Collected data:
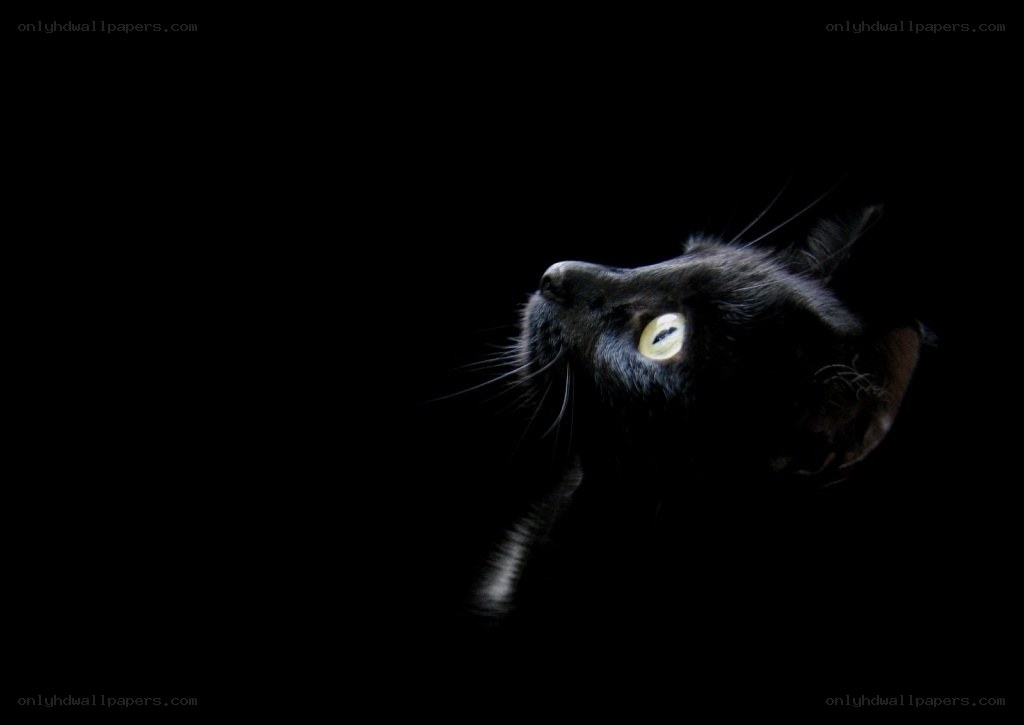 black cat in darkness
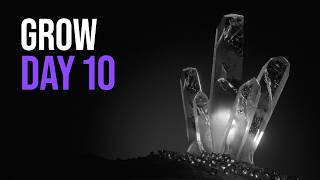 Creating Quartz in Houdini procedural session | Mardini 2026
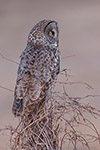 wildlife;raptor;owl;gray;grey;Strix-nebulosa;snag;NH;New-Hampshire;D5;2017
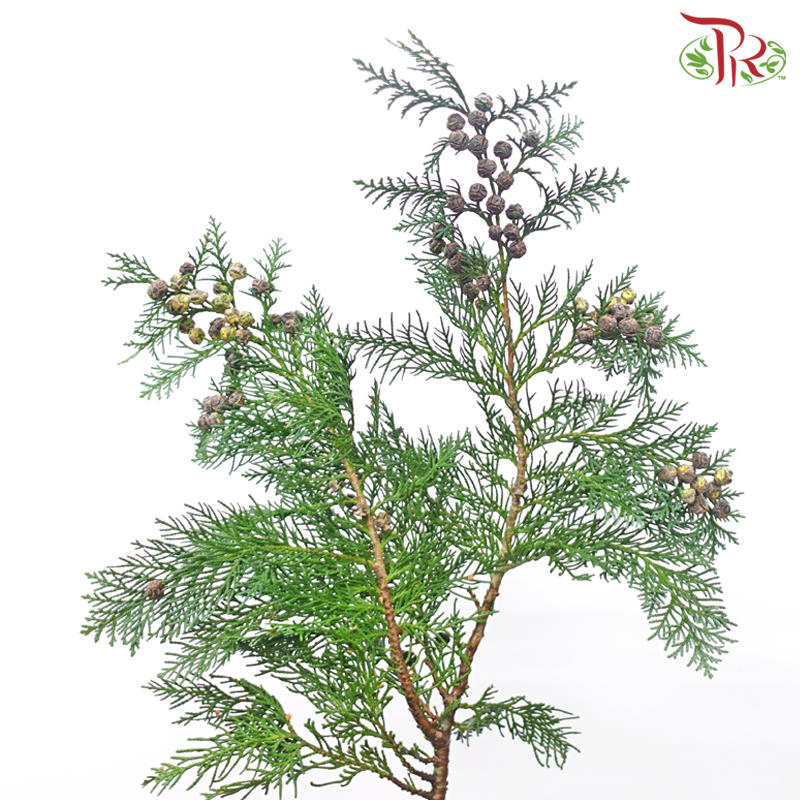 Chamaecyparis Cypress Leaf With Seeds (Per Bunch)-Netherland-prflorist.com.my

Your assignment:
In full and without error, repeat the listing above, omitting its images.

Result of this task:
 black cat in darkness
 Creating Quartz in Houdini procedural session | Mardini 2026
 wildlife;raptor;owl;gray;grey;Strix-nebulosa;snag;NH;New-Hampshire;D5;2017
 Chamaecyparis Cypress Leaf With Seeds (Per Bunch)-Netherland-prflorist.com.my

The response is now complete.